Sydney Carlyle Cockerell’s artistic interests and social ideas were first shaped by John Ruskin. Having read his hero’s works since the age of fourteen, he confessed: ‘Ruskin was by far the most powerful influence on my early life.’ Ruskin’s socio-political writings ‘entranced’ the young Cockerell who witnessed the ‘misery… of the poor people’ and their ‘depths of degradation’ while working for the family coal business in the 1880s. Ruskin’s art historical studies had an equally powerful impact. Cockerell developed a passion for medieval illuminated manuscripts, Renaissance paintings, especially by the Venetian School, Turner’s watercolours, and the works of the Pre-Raphaelites, a passion that would inform his acquisitions for the Fitzwilliam Museum.

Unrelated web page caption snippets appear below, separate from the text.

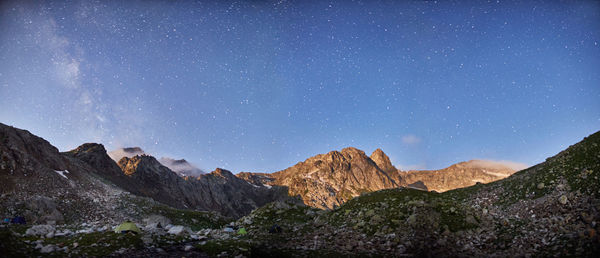 Scenic view of mountains against blue sky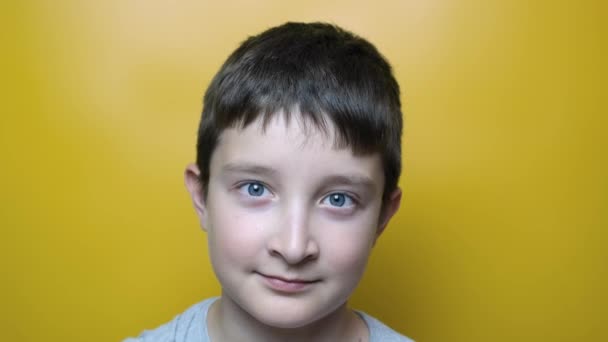 En leende pojke som gör roliga ansikten och grimaser nära mot gul bakgrund — Stockvideo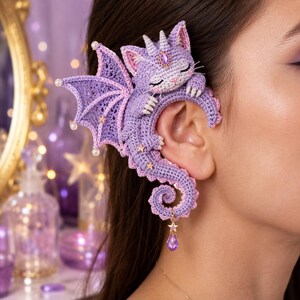 May include: A lavender crochet ear cuff shaped like a sleeping dragon cat with wings, featuring small white pearl accents on the wing tips, gold star embellishments, a purple teardrop gem on the forehead, and a dangling purple crystal charm.
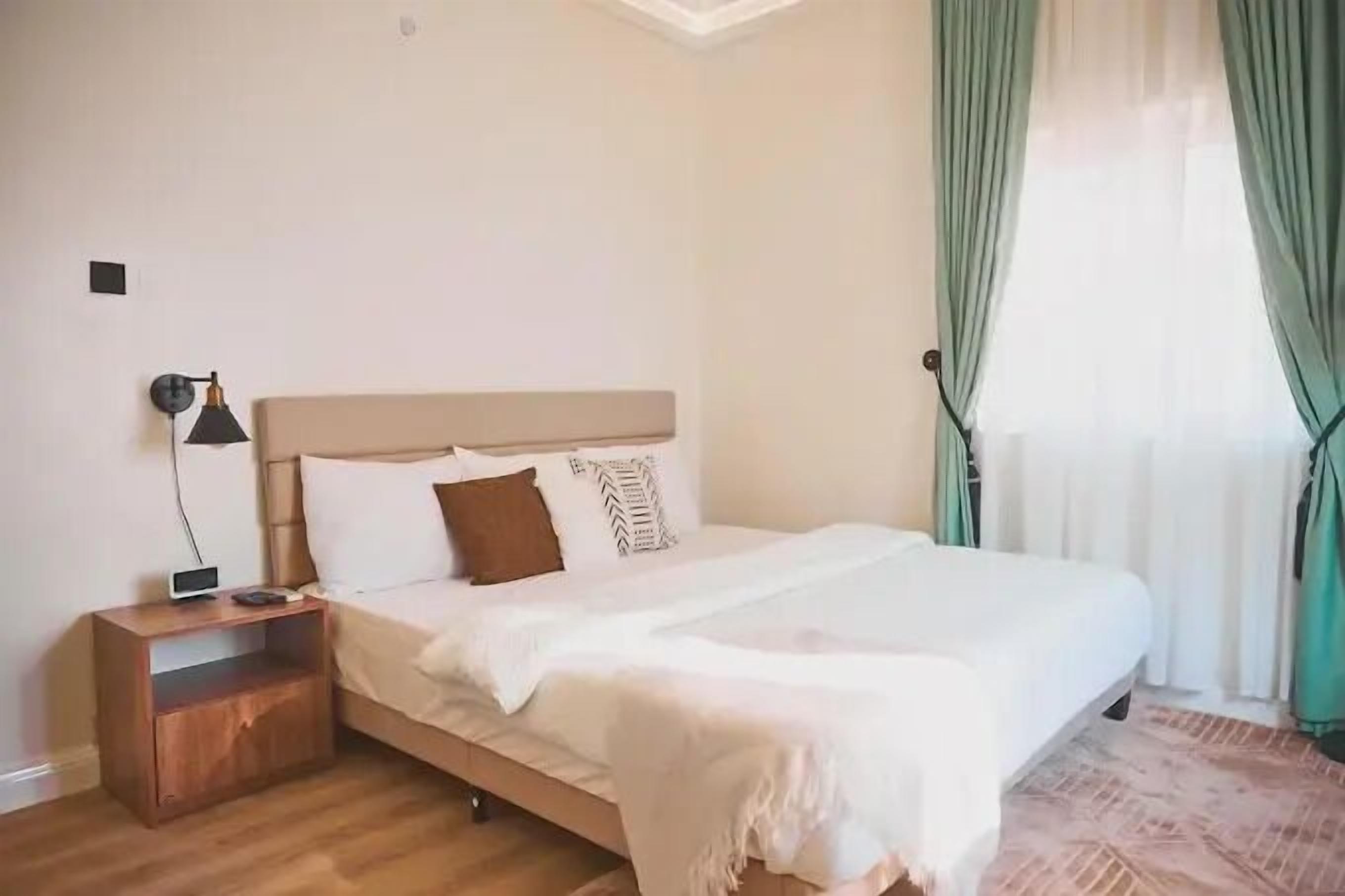 Un dormitorio con cama, mesita de noche, lámpara y ventana con cortinas.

Cockerell’s relationship with Ruskin was nurtured by a shared interest in Gothic architecture and visits to French cathedrals. After the first direct contact in 1885, the young disciple wrote to his hero in 1886, sending him a collection of shells and telling him about his visit to Rouen Cathedral the previous year. This led to correspondence about art and ethics, the confession that Cockerell was only nineteen, ‘not a venerable conchologist, bald, bearded and spectacled’, and the mock-relief reply of the sixty-seven-year old Ruskin: ‘I am so glad you are young. I had a notion somehow you had been collecting shells since before the deluge.’ After a chance encounter in Abbeville in 1888, Cockerell and Ruskin travelled together to Beauvais. Ruskin regaled his companion with lectures on Gothic cathedrals and wrote back home: ‘Carlyle carries my umbrella for me as if he were attending the Emperor of Japan’. Cockerell remembered the days in Beauvais as ‘the happiest of my whole life.’